Room-Temperature NO<sub>2</sub> Sensor Based on Oxygen Vacancy-Rich SnO Nanosheets
Wen Zhang, S. Wang, Tao Tang, Yin Cheng, Yi Liang, Jing Hao Zhuang, Xin Hu, Min Zhang, Yao Yang Liu, Jie Qi, Baoyue Zhang, Azmira Jannat, Jian Zhen Ou, Zhong Li
Abstract
Nitrogen dioxide (NO 2 ) is a hazardous air pollutant that poses significant threats to both human health and the environment. The development of NO 2 sensors with high sensitivity, exceptional selectivity, and ultralow detection limits is of critical scientific and practical importance. However, conventional metal oxide-based NO 2 sensors often suffer from inherent limitations, including high operating temperatures and relatively low sensitivity. Given that oxygen vacancies in metal oxides serve as active sites for NO 2 adsorption and facilitate charge transfer at the gas–solid interface, this study demonstrates the room-temperature sensing capabilities of two-dimensional (2D) SnO nanosheets with a high concentration of oxygen vacancies, achieved without external excitation (e.g., light).
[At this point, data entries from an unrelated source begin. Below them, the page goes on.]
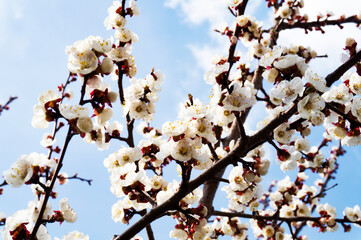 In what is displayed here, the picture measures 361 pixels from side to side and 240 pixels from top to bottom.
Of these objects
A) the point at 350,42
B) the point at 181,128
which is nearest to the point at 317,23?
the point at 350,42

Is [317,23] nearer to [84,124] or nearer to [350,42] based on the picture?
[350,42]

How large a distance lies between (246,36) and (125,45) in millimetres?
2562

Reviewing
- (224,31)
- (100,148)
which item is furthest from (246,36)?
(100,148)

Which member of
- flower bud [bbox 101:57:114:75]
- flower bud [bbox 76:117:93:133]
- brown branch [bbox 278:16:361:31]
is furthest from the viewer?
brown branch [bbox 278:16:361:31]

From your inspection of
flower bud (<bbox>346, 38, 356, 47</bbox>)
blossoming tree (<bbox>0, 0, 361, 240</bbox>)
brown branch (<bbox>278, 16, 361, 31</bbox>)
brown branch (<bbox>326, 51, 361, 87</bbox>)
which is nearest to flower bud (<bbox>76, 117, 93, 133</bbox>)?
blossoming tree (<bbox>0, 0, 361, 240</bbox>)

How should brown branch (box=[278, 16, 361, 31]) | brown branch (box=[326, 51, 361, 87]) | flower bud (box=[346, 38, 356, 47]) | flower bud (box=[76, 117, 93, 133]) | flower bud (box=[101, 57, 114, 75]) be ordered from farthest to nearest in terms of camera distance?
brown branch (box=[278, 16, 361, 31]) → flower bud (box=[346, 38, 356, 47]) → brown branch (box=[326, 51, 361, 87]) → flower bud (box=[101, 57, 114, 75]) → flower bud (box=[76, 117, 93, 133])

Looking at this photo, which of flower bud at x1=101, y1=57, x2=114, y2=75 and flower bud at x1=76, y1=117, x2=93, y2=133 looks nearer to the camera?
flower bud at x1=76, y1=117, x2=93, y2=133

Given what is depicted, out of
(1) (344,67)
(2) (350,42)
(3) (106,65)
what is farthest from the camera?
(2) (350,42)

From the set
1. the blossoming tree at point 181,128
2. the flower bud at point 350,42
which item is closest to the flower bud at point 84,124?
the blossoming tree at point 181,128

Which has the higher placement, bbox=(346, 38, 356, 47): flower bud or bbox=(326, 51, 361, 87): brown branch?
bbox=(346, 38, 356, 47): flower bud

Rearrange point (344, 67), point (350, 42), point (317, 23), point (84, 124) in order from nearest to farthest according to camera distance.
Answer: point (84, 124) < point (344, 67) < point (350, 42) < point (317, 23)

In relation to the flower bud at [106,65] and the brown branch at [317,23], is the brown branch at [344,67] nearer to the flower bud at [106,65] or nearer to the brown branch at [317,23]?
the flower bud at [106,65]

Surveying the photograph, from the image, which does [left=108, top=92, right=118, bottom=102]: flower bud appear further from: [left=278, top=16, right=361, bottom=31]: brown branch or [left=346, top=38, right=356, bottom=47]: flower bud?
[left=278, top=16, right=361, bottom=31]: brown branch

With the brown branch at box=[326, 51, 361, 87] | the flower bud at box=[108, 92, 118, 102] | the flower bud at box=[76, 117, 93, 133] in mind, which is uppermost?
the flower bud at box=[108, 92, 118, 102]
Notably, the sensor exhibits n-type behavior, attributed to free electrons originating from oxygen vacancies. More importantly, the proposed sensor outperforms pure SnO and other metal oxide-based sensors, achieving a remarkably low detection limit of 10 ppb and a record-high response value of 136.43 toward 800 ppb of NO 2 . Furthermore, it demonstrates outstanding repeatability, exceptional selectivity, and long-term stability over two months. These findings highlight the feasibility of achieving ppb-level NO 2 detection at room temperature through morphological control and defect engineering, paving the way for the development of ultrasensitive and high-performance NO 2 sensors.